*EXERCISE OBJECTIVE*
All that is wanted is the line with "Opel Astra 1.4 Turbo - 12" and each line after it to the end of the data below, set down exactly and without pictures.

*EXTRACTED ENTRIES*
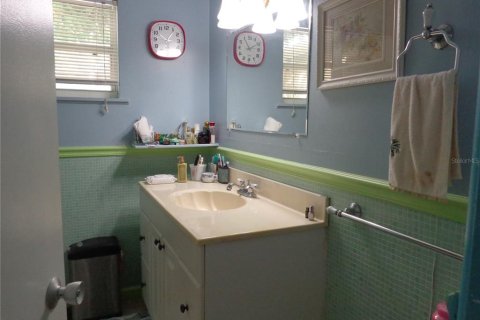 House in Saint Petersburg, Florida 3 bedrooms, 124.49 sq.m. № 2225564 - photo 9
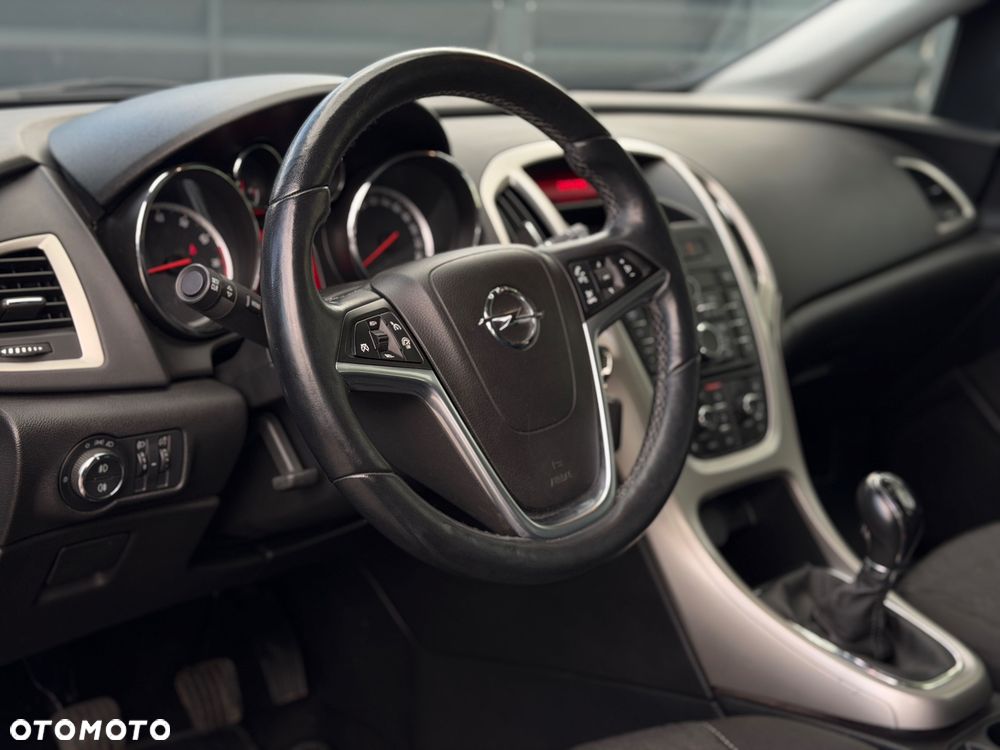 Opel Astra 1.4 Turbo - 12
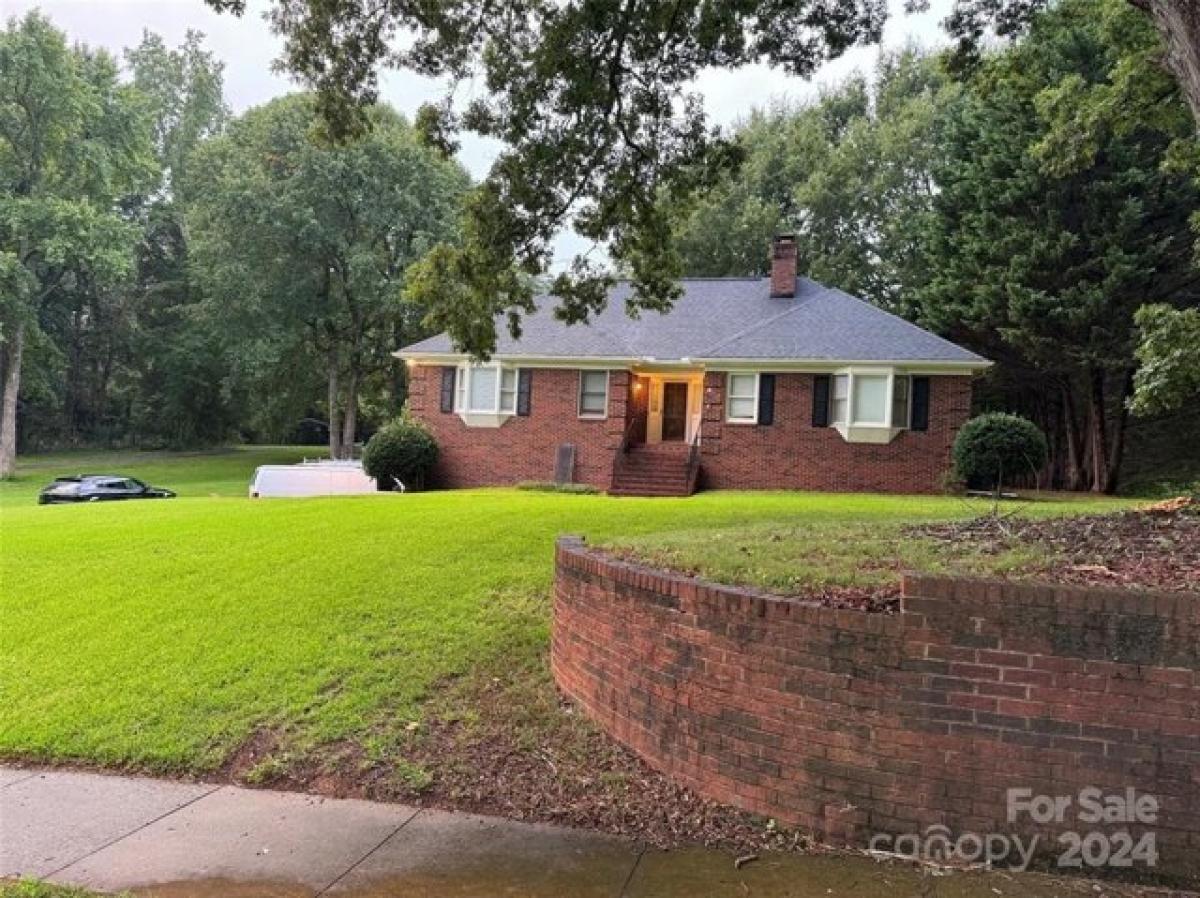 Picture of Home For Sale in Mint Hill, North Carolina, United States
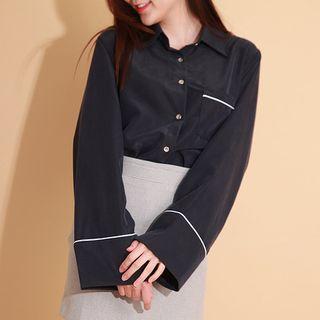 Wide-sleeve Contrast-trim Blouse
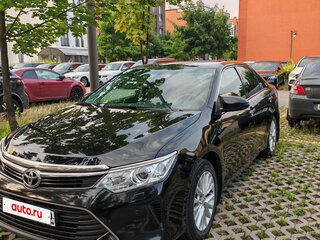 2015 Toyota Camry VII (XV50) Рестайлинг, чёрный, 1870000 рублей, вид 3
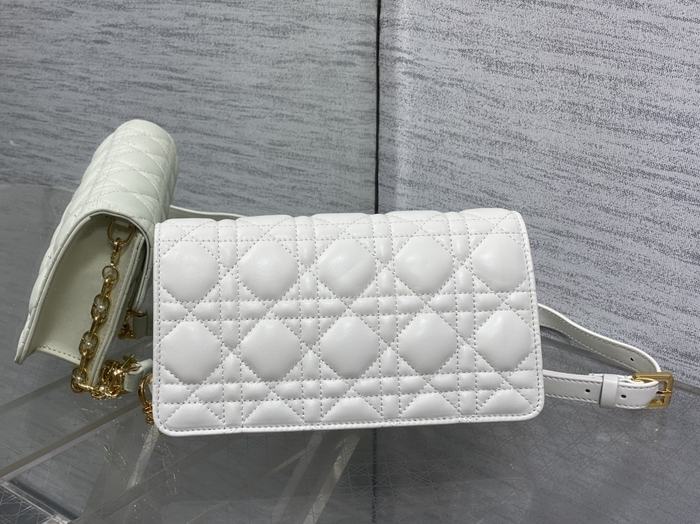 Dior Tote style 26 White 01A
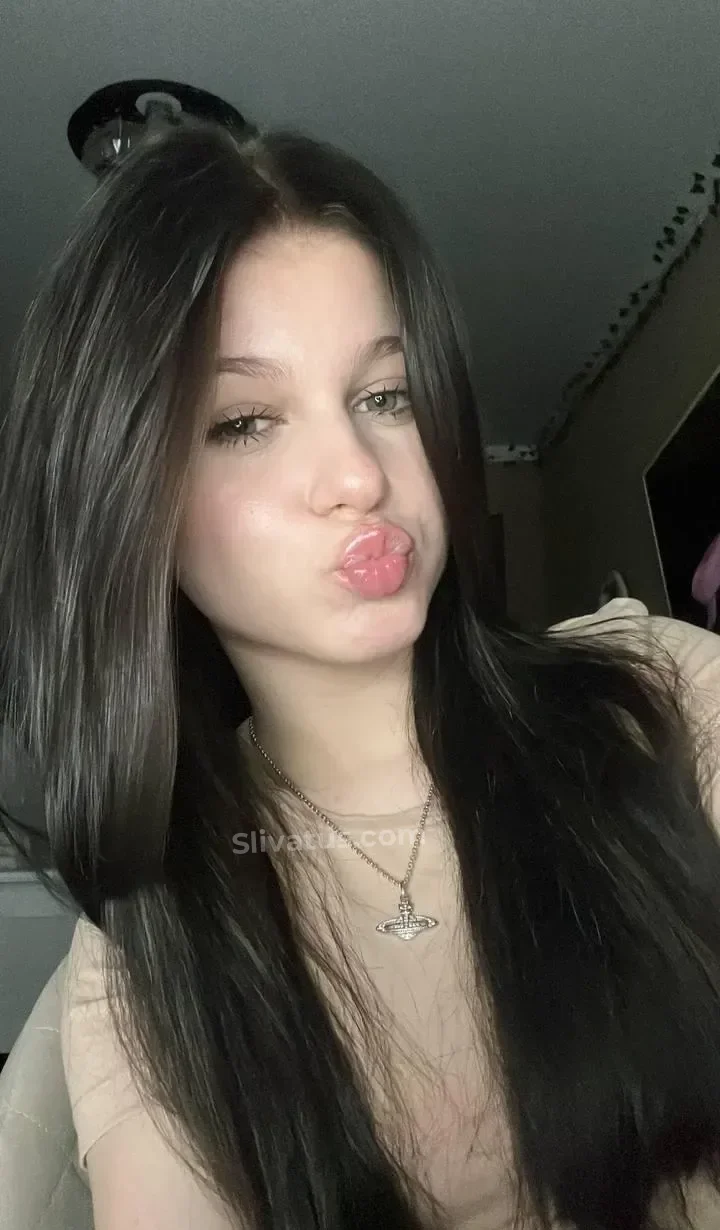 Секс Горячее фото тиктокерши Лера Симка (simka.le)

*WRITTEN ANSWER*
 Opel Astra 1.4 Turbo - 12
 Picture of Home For Sale in Mint Hill, North Carolina, United States
 Wide-sleeve Contrast-trim Blouse
 2015 Toyota Camry VII (XV50) Рестайлинг, чёрный, 1870000 рублей, вид 3
 Dior Tote style 26 White 01A
 Секс Горячее фото тиктокерши Лера Симка (simka.le)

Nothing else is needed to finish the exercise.